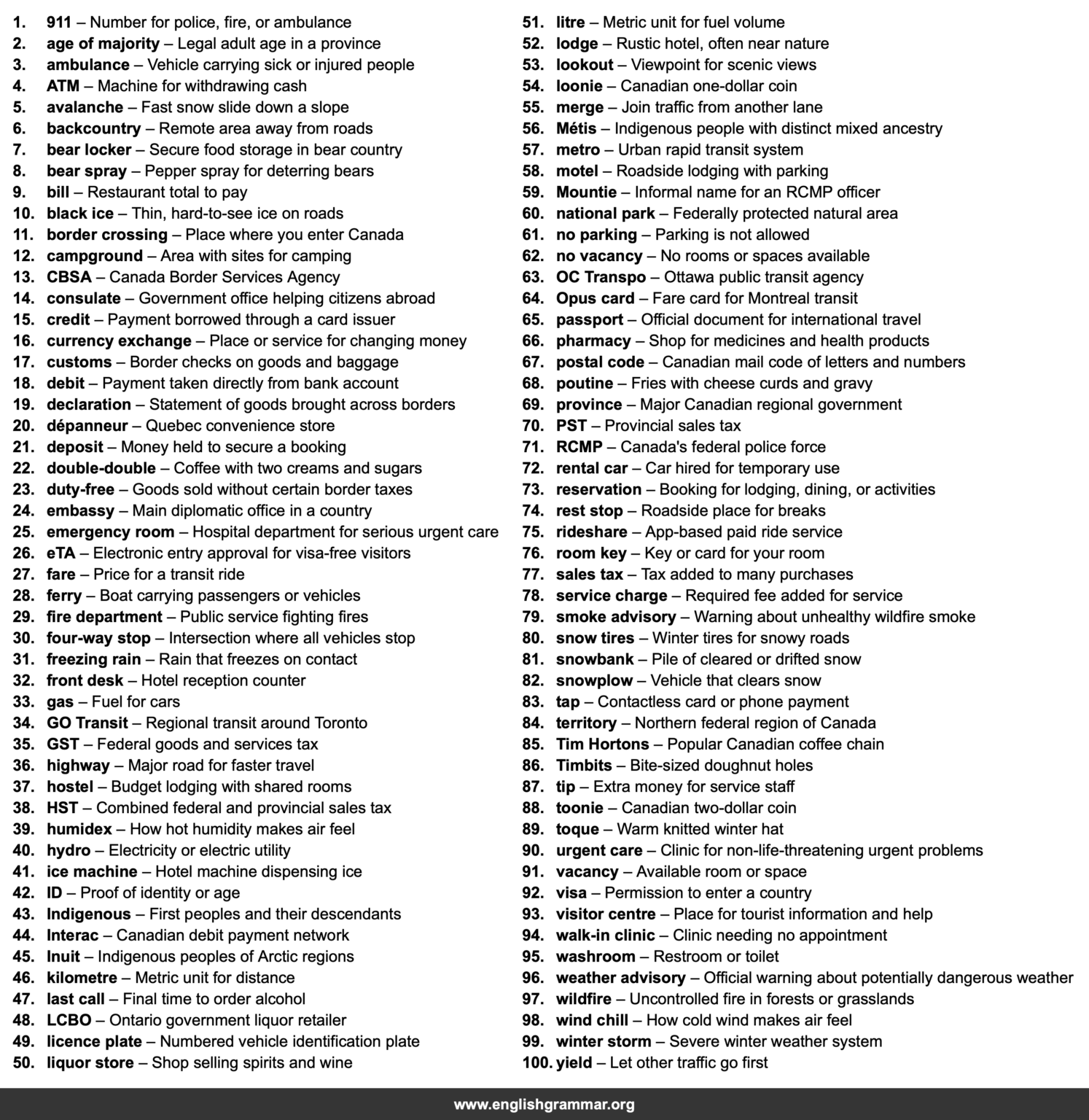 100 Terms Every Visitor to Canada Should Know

==

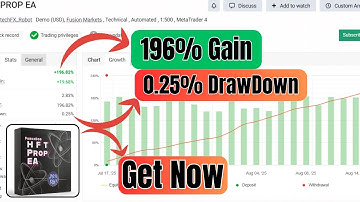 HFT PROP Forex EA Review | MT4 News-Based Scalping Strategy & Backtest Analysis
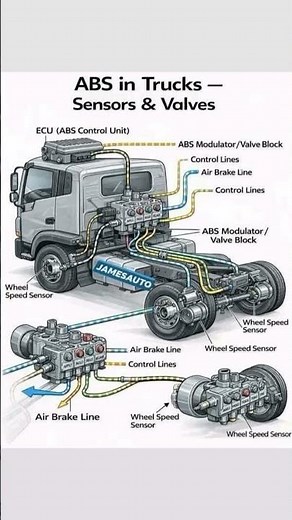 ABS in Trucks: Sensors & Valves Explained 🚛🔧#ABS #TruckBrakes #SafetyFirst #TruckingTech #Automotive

==

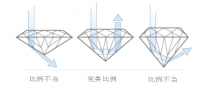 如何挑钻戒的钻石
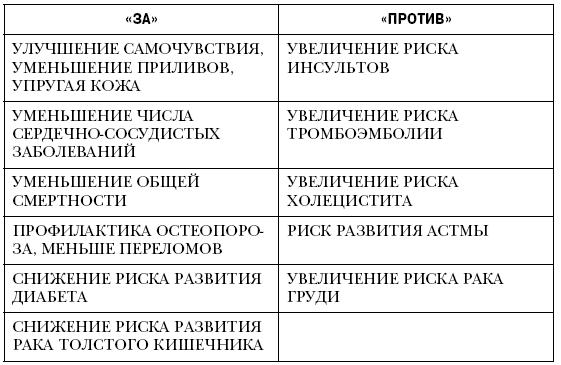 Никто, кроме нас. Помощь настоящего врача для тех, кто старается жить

### [Exercise objective]
Starting with the line that contains "HFT PROP Forex" and finishing with the line that contains "ABS in Trucks: Sensors", reproduce every line of the material above exactly, but not the pictures.

### [Exercise output]
 HFT PROP Forex EA Review | MT4 News-Based Scalping Strategy & Backtest Analysis
 ABS in Trucks: Sensors & Valves Explained 🚛🔧#ABS #TruckBrakes #SafetyFirst #TruckingTech #Automotive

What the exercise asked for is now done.